Hoy quiero rendir mi homenaje a Juan Belmonte García, el Pasmo de Triana, a través de la palabra de Manuel Chaves Nogales que puso en boca del matador la crónica de una de las mejores faenas de la historia de la tauromaquia.
Antes les pongo en antecedentes:
Madrid, 21 de junio de 1917, corrida del Montepío de Toreros. Está a punto de salir el sexto toro de la tarde y el público abuchea a Belmonte, al que consideran acabado, tras aplaudir a rabiar a Gaona y a Joselito.
El público de Madrid me rechazaba implacablemente. En estas condiciones me abrí de capa ante el sexto toro, en la corrida del Montepío de Toreros, el año 1917.

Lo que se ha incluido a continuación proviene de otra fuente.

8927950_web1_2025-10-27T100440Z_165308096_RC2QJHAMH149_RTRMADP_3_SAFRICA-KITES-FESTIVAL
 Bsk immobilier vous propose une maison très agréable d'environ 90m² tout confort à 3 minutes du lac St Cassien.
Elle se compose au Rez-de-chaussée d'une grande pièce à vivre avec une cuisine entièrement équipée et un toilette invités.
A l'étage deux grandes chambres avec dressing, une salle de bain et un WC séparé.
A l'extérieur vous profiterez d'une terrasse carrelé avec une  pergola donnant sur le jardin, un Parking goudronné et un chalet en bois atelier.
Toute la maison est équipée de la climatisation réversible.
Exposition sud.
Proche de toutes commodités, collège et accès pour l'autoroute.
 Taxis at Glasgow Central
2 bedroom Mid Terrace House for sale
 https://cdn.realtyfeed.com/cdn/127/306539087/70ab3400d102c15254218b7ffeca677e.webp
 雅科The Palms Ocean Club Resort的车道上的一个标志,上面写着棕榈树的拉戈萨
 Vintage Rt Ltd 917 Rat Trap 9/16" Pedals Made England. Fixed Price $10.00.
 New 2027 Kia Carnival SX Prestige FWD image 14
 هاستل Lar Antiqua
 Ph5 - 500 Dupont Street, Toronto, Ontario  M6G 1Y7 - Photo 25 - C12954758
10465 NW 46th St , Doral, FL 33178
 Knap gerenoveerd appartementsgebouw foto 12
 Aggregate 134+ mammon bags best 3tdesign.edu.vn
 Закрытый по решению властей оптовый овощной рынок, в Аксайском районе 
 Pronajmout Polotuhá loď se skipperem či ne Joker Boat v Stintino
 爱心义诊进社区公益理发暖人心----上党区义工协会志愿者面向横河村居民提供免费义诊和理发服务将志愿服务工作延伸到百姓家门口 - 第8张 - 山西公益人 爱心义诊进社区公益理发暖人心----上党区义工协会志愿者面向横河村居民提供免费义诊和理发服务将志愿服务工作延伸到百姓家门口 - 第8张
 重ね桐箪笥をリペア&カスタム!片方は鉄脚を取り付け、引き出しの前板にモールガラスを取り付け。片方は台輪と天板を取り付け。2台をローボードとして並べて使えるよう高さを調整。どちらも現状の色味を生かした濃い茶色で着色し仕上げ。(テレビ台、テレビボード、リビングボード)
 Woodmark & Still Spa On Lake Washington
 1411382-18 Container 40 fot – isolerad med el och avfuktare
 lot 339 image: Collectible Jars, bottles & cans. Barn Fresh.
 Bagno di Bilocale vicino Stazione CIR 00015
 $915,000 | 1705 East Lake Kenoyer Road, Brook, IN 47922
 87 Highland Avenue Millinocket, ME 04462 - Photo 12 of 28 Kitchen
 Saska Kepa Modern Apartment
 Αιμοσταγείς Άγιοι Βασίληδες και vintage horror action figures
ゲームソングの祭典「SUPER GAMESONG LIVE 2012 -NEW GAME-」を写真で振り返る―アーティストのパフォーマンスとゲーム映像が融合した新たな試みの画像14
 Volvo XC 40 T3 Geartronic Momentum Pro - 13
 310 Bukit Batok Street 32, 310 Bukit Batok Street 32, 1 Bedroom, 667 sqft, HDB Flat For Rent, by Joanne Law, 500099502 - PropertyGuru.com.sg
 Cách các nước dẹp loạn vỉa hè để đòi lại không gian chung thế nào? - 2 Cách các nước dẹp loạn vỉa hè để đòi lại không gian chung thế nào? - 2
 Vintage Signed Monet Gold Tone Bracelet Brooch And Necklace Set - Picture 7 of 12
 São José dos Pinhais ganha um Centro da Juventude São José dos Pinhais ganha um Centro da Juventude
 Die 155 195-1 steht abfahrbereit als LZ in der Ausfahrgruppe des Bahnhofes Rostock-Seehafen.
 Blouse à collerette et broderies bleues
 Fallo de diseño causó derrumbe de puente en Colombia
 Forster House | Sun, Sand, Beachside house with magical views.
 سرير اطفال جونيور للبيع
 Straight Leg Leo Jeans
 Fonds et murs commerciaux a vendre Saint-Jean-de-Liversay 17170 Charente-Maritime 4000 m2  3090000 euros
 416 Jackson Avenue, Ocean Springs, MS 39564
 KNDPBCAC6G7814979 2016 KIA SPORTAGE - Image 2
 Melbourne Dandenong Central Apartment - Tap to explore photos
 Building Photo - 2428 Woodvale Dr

Di dos verónicas, que aunque el toro salió gazapeando, tuvieron la virtud de hacer el silencio en el público y fijar su atención en mí. Luego, en el primer quite, me planté ante la bestia, y quieto, moviendo muy despacio los brazos, di otras tres verónicas, tan suaves, tan lentas, que mientras las estaba dando advertía el silencio emocionante de las trece mil almas, pendientes de lo que yo hacía. Terminé con un recorte tan afortunado que de él guardo la impresión de que el toro era una masa fácilmente moldeable que se plegaba al inverosímil arabesco de mi cuerpo y mi capote. El público debió quedar un poco desconcertado. Seguramente no esperaba aquello de mí. Pero el triunfo aquella tarde no estaba tan barato. Cuando el toro entró por segunda vez a los caballos, ya estaba allí Rodolfo Gaona con la gracia de su capote para hincarse de rodillas, y con un lance apretadísimo y un recorte bonito y valiente, entusiasmar de nuevo al público y borrar un poco la impresión de mis verónicas. Tras él, Joselito enganchó al toro con su capa maravillosa, y despacito, muy suavemente, le atrajo, y al llegar al instante del embroque, cargó la suerte con el cuerpo y produjo una emoción indescriptible. La muchedumbre hervía de entusiasmo. Fue entonces con más fe he ido en mi vida hacia un toro. Dejándome de adornos y alegrías, llamé a la res como manda la ley del toreo rondeño puro, y entregándome, con una confianza ciega, le di media verónica, que acaso sea la que mejor haya ejecutado en toda mi vida torera. Se levantó la multitud como si un resorte la hubiese alzado de los asientos, y ante sus ojos asombrados tracé luego entre los cuernos del toro el farol más acabado y exacto que podía imaginarse. Tuve suerte. El mayor albur de mi vida estaba ganado. Gaona se echó el capote a la espalda y se apretó como un valiente en tres gaoneras bellísimas, elegantes, artísticas, todo lo que se quiera. Pero aquella media verónica mía no hubo ya quien la borrara.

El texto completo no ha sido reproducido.